Patricia Burchat (born 1958) is the Gabilan Professor of Physics at Stanford University who researches experimental particle physics and cosmology. She is interested in mapping dark matter in the universe, and understanding the nature of dark energy. She was named a fellow of the American Physical Society in 2001, and a Guggenheim Fellow in 2005. In 2012 she became a fellow of the American Association for the Advancement of Science.

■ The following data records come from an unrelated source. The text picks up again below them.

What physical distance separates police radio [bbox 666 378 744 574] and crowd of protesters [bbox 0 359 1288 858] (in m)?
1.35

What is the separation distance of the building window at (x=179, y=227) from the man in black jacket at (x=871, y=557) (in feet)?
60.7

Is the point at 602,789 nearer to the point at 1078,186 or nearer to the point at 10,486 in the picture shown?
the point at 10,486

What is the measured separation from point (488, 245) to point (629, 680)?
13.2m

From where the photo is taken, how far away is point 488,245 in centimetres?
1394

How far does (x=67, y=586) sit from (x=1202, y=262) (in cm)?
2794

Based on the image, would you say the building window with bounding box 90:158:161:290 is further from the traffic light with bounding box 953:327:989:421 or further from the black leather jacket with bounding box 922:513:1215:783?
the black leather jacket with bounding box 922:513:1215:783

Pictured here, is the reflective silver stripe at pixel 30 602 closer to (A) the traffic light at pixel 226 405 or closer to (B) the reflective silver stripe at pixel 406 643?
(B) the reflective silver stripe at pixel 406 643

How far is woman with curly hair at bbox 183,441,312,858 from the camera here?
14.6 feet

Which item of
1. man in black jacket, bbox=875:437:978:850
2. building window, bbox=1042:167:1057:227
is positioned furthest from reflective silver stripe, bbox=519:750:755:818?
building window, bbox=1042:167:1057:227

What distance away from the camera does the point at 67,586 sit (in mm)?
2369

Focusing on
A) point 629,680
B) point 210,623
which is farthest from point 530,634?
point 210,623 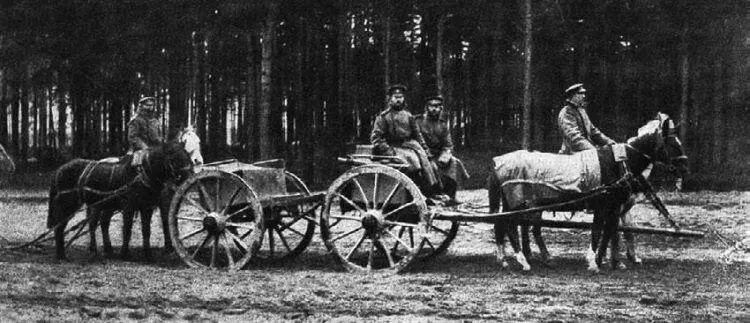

==Early life and education==
Born in 1958, Burchat grew up in Barry's Bay, Ontario, Canada, and attended Madawaska Valley District High School. In 1981 she graduated with a B.S. in applied science and engineering from the University of Toronto, and earned a Ph.D. in physics at Stanford University in 1986.

==Career==
Burchat held a postdoctoral fellowship at the University of California, Santa Cruz from 1986 to 1988, after which she joined the faculty until 1995. She has been a member of the Stanford Physics faculty since 1995, and served as the chair of the department from 2007 to 2010.

== Research ==
Burchat has been a member of multiple particle physics experiments, including the MarkII experiment at the SLAC Linear Collider and the E791 experiment at Fermilab. She was a founding member of the BaBar experiment at SLAC which explored fundamental particle interactions, especially the weak interaction. In these experiments she researched Z bosons as the carriers of the weak interaction, heavy neutral leptons, semileptonic decay of charm mesons, charm mixing, CP violations in B meson decays, and differences in the way matter and antimatter evolved in time.

Burchat has also been interested in investigating the cosmological evolution of the Universe. She joined the international community developing the Large Synoptic Survey Telescope, aiming to study gravitational bending of light by dark matter and the evolution of dark energy. Her 2008 TED talk, "Shedding light on dark matter", explores these two components making up about 96 percent of the universe.

== Awards and honors ==

- 2020 — Engineering Alumni Hall of Distinction Award, University of Toronto
- 2012 — Fellow, American Association for the Advancement of Science
- 2010 — Judith Pool Award, Northern California Chapter of the Association for Women in Science
- 2007 — Walter J. Gores Award, Stanford University
- 2006 — Gabilan Professor of Physics, Stanford University
- 2005 — Guggenheim Fellow, Stanford University (2005)
- 2004 — Sapp Family University Fellow in UG Education, Stanford University
- 2001 — Fellow, American Physical Society, cited "For her contributions to the understanding of heavy quark physics, particularly in semileptonic weak decays, in mixing of neutral D and B mesons, and in CP violation."